Diante deste posicionamento, as empresas apresentaram proposta de Acordo em Controle de Concentrações (ACC), comprometendo-se com a obrigação solidária de pagar contribuição pecuniária no valor aproximado de R$ 718.554,00. O valor final levou em conta que os efeitos da operação no Brasil foram modestos, e não levantaram maiores preocupações concorrenciais, bem como que a última aquisição já havia sido notificada ao CADE e aprovada sem restrições.
Na mesma Sessão de Julgamento, foi celebrado acordo no âmbito de APAC que investigava um projeto conjunto de empreendimentos imobiliários pelas empresas Cyrela Brazil Realty S.A. Empreendimentos e Participações e Precon Engenharia S.A.

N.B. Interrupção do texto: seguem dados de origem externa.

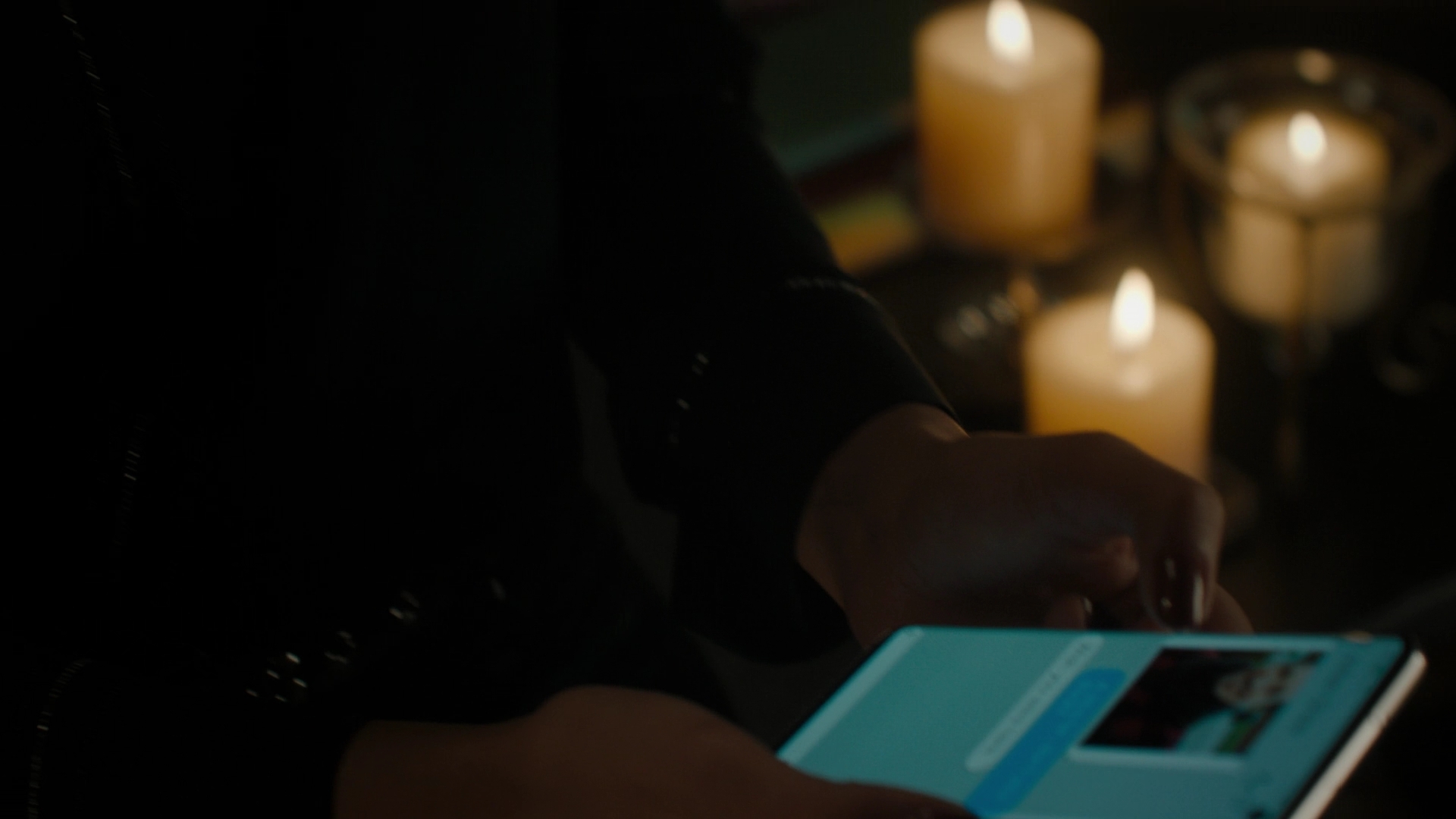 Charmed-Online-dot-nl_Charmed2x10CurseWords2228.jpg Charmed-Online-dot-nl_Charmed2x10CurseWords2228.jpg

Segundo as investigadas, a parceria não foi notificada ao CADE pois consistiria apenas na consecução do próprio objeto social de incorporadoras de empreendimentos imobiliários, envolvendo a constituição de uma Sociedade de Propósito Específico (SPE) não operacional para deter imóvel localizado em Taquara. Por outro lado, a SG afirmou que o fato de a operação envolver uma SPE não afastaria a competência legal do CADE para apreciar concentrações entre empresas, e tampouco justificaria a alegada não ocorrência de impactos relevantes ao ambiente concorrencial.
Sendo assim, as empresas propuseram um ACC contemplando contribuição pecuniária no valor de R$ 813.330,49, valor que considerou as regras usuais do CADE em relação ao tempo decorrido desde a consumação, o momento processual e a baixa gravidade da conduta, tendo em vista que a operação não levantava preocupações concorrenciais.
Por fim, a Companhia de Investimentos em Infraestrutura e Serviços (CIIS) e a Concessionária do VLT Carioca S.A. (VLT Carioca) estavam sendo investigadas em razão da consumação prévia de operação que envolvia aquisição de controle unitário da VLT Carioca pela CIIS.
A CIIS argumentou que detinha, originalmente, participação de 24,93% na VLT Carioca, mas que foram realizados, ao longo do tempo, aumentos de capital e compras automáticas na VLT Carioca, com o objetivo tão somente de cumprir obrigações contratuais previstas no contrato de concessão de serviço público assinado em decorrência de processo licitatório.
As partes defenderam que a operação estaria isenta de notificação ao CADE, com base no artigo 90, parágrafo único da Lei de Defesa da Concorrência, que prevê uma isenção exclusivamente para contratos associativos, consórcios ou joint ventures destinados às licitações públicas e contratos decorrentes. De acordo com a Superintendência-Geral do CADE, no entanto, o caso não se enquadraria no referido artigo, sendo uma aquisição de participação acionária subsequente.